The reply should match the listing below character for character, except that no image is carried over.
[DATA SHOWN — start]
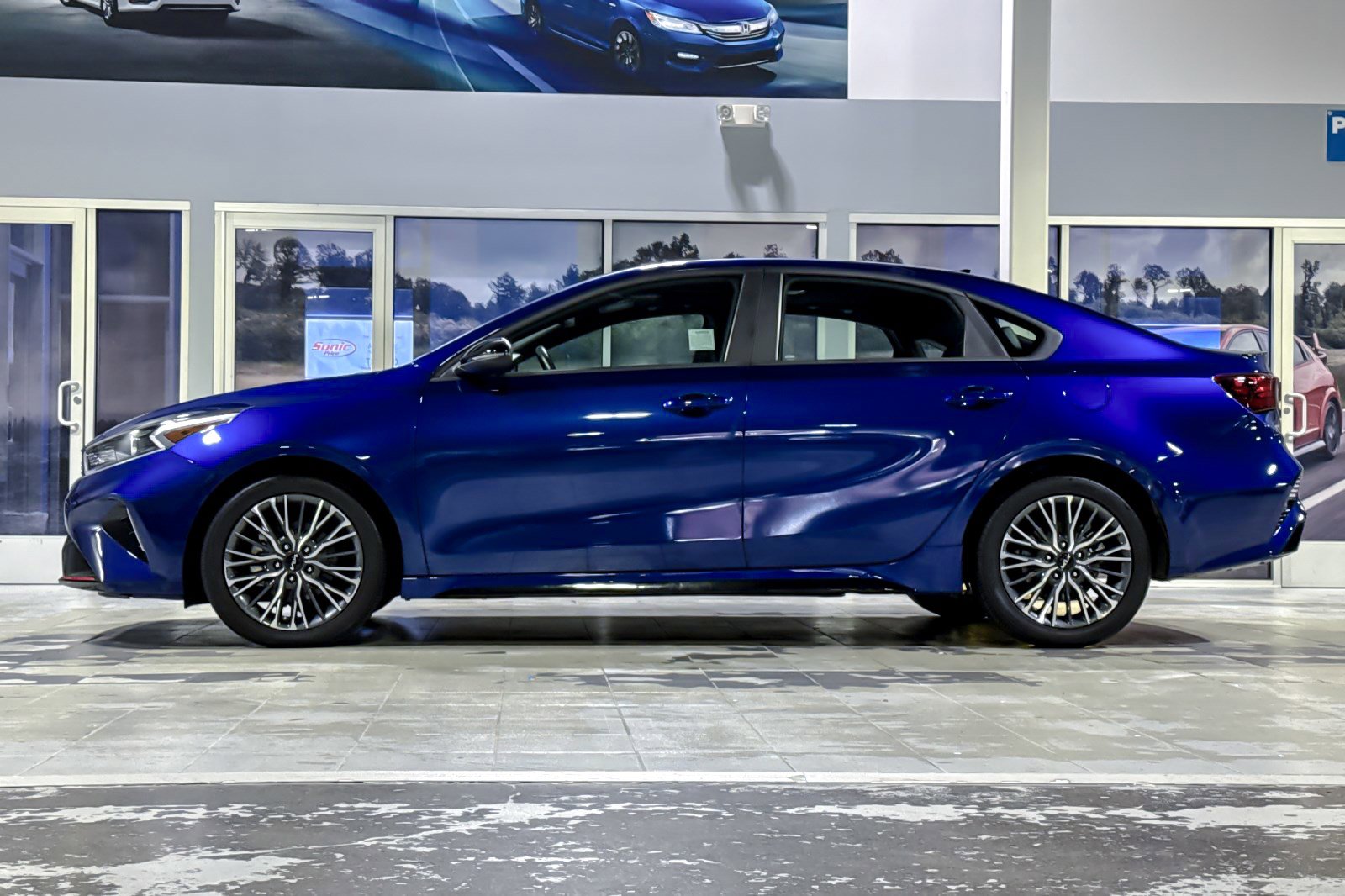 2024 Kia Forte GT-Line photo 2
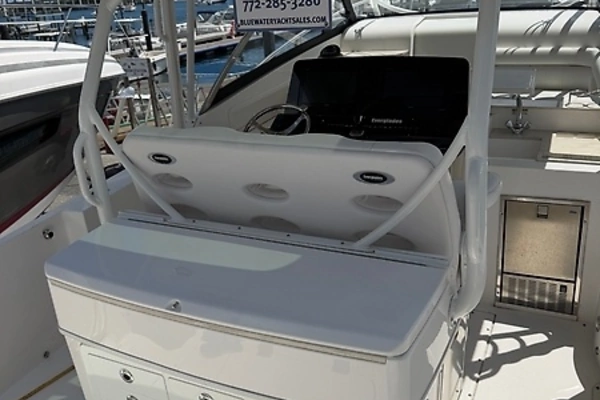 Everglades 360LXC Yacht For Sale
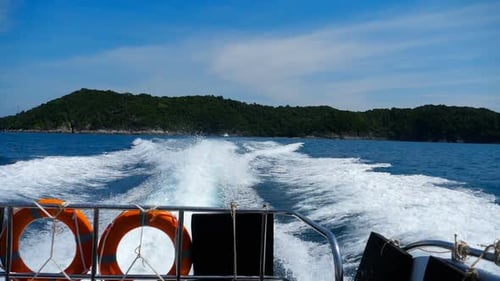 Schnellboot-Abfahrt von Similan Islands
[DATA SHOWN — finish]
_EXERCISE SOLUTION_.
 2024 Kia Forte GT-Line photo 2
 Everglades 360LXC Yacht For Sale
 Schnellboot-Abfahrt von Similan Islands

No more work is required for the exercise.